• WHAT YOU ARE ASKED TO DO
Can you print the data exactly and leave out each image?
===============
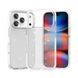 Прозорий чохол з блискітками iPhone 18 Pro (Glitter Case) 4561-0 фото 1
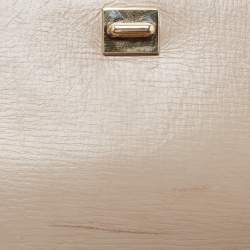 مملوكة مسبقًا Givenchy Beige Leather Mini Pandora Box Crossbody Bag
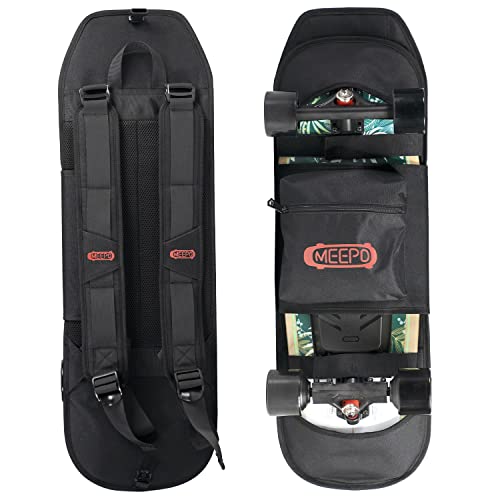 Meepo Mini Skateboard Backpack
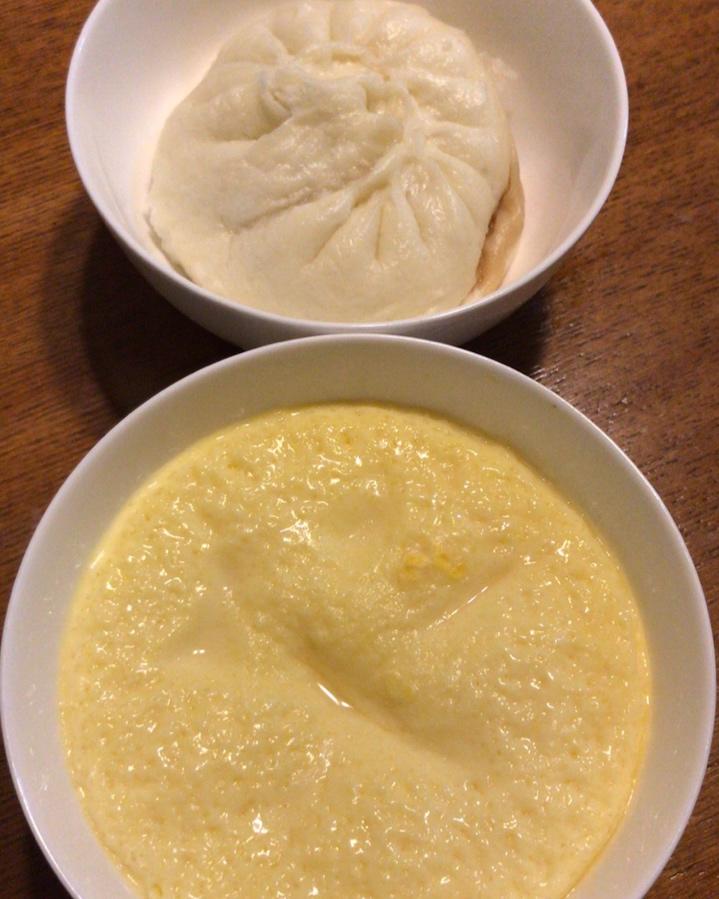 牛奶蒸蛋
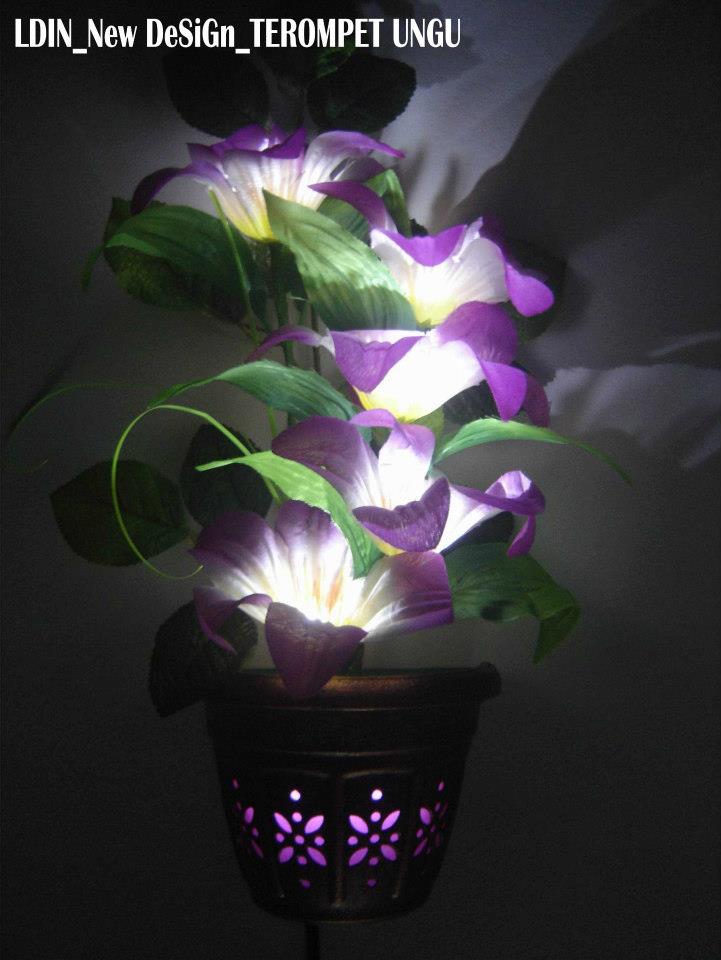 Jual Lampu  Hias  LED  Bunga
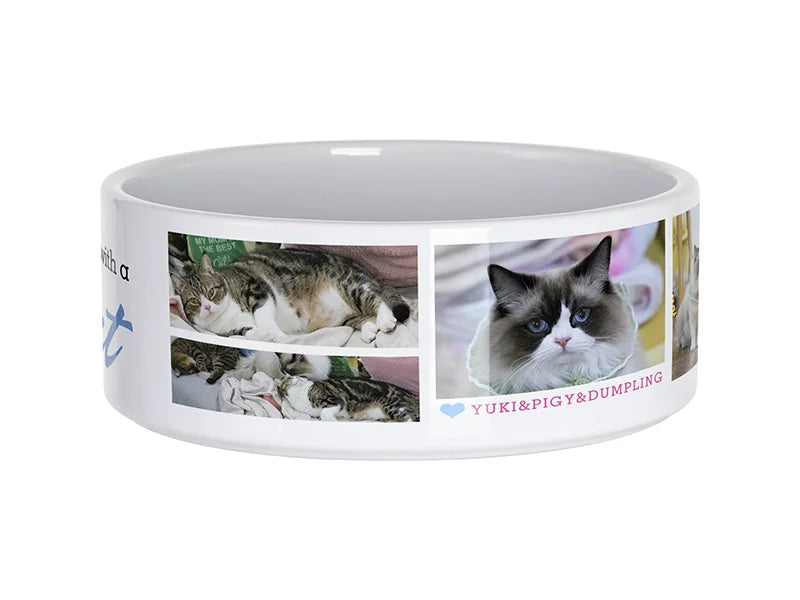 Sublimation Cat Bowl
===============
• EXERCISE OUTPUT
 Прозорий чохол з блискітками iPhone 18 Pro (Glitter Case) 4561-0 фото 1
 مملوكة مسبقًا Givenchy Beige Leather Mini Pandora Box Crossbody Bag
 Meepo Mini Skateboard Backpack
 牛奶蒸蛋
 Jual Lampu  Hias  LED  Bunga
 Sublimation Cat Bowl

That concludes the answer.